The second national Covid lockdown in England is set to go ahead after MPs voted to approve new regulations to enforce it.
Boris Johnson managed to fend off a backbench Tory rebellion over the fresh restrictions, thanks in part to Labour’s decision to support the nationwide move.
MPs voted by 516 to 38, a majority of 478, to endorse the 2020 Health Protection (Coronavirus) Regulations, which will last for a month until December 2.
The rules will come into force at one minute past midnight, after the House of Lords approves them later on Wednesday.
Under the raft of new draconian regulations, the public will be heavily restricted from leaving home and from mixing with other households.
New rules on care homes mean that visitors will have to pass through a holding area before meeting a relative.
In schools, pupils in England over the age of 11 will have to wear face masks in hallways and corridors for the first time.
The margin was comfortable despite a string of Conservatives warning the PM that the new curbs were not justified and would harm the economy more than they would ease the health crisis.
Former premier Theresa May was the most eye-catching of the rebels, one of 55 Tory MPs who failed to back the government.
Ex-Tory leader Iain Duncan Smith and former minister Steve Baker were among the 34 rebels who voted against the lockdown.

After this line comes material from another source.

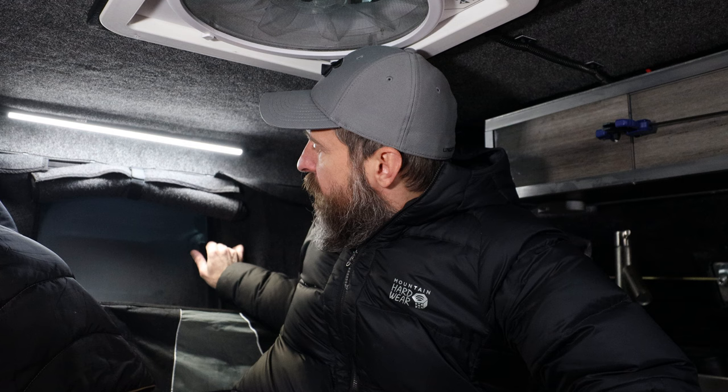Just a few safety tips: whenever you use this thing indoors, I always open my vent and usually crack the back window open a little bit to allow some airflow. And this is very important — a carbon monoxide detector. It will warn me if I'm going to die from carbon monoxide poisoning. Get one of these if you don't want to die.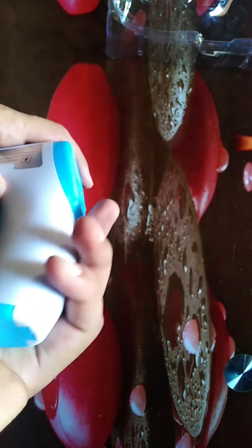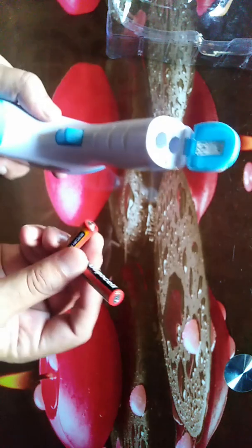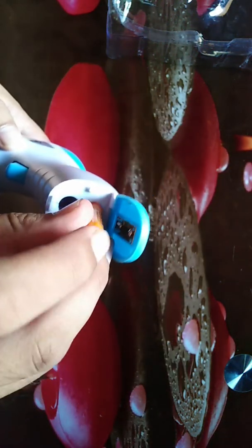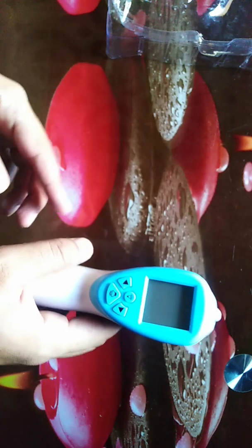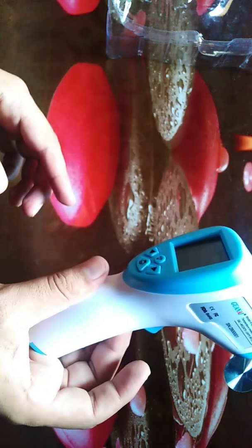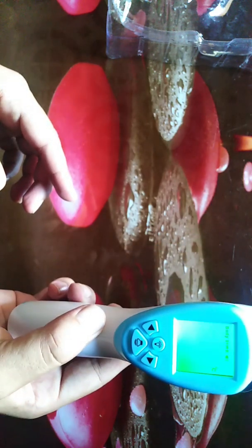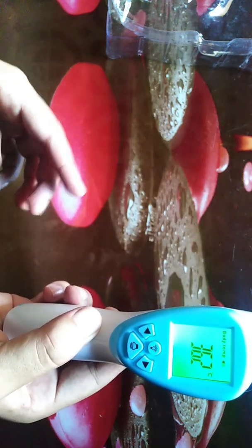You need to put the batteries in here. Be careful about the positive and negative connections. When you want to turn it on, you just press the button and it starts up.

A further 21 Tories, including May, abstained.
Johnson had earlier said he “absolutely understands” the concerns about the curbs and was not imposing them “lightly”, but he stressed that they were essential to protecting the NHS from being overwhelmed.
That warning was underscored earlier when NHS chief executive Sir Simon Stevens announced that the equivalent of 22 hospitals were now filled with Covid patients, as he put the health service on its highest emergency alert level.
But he failed to satisfy a string of Tory MPs who claimed they had been forced to vote in the dark without any economic impact assessment.
In a withering speech, May accused Johnson of choosing data to fit his coronavirus policies, as she insisted the Government must reveal the economic cost of lockdown and its impact on mental health.
Johnson was not in the chamber to hear the criticism, as he opted to leave shortly after she got to her feet and acknowledged that she did not “envy” the decisions facing him and the Government.
It was reported that he later wrote a note of apology to May for having to leave during her speech for an urgent meeting.
Duncan Smith attacked the weekend leaking of the lockdown plan to the media, saying the leaker should be sacked and “strung up to dry”.
“I thought the leak is appalling, that … whoever did it should be sacked, strung up to dry, come here to apologise, grovelled out the door on hands and knees and beaten on the way out, frankly.
“It is appalling because what they did was bounce the Government, and they bounced the Government because I’d like to think that the Government would have then spent its time investigating the data that was being presented to them that has now subsequently unravelled in the last few days.”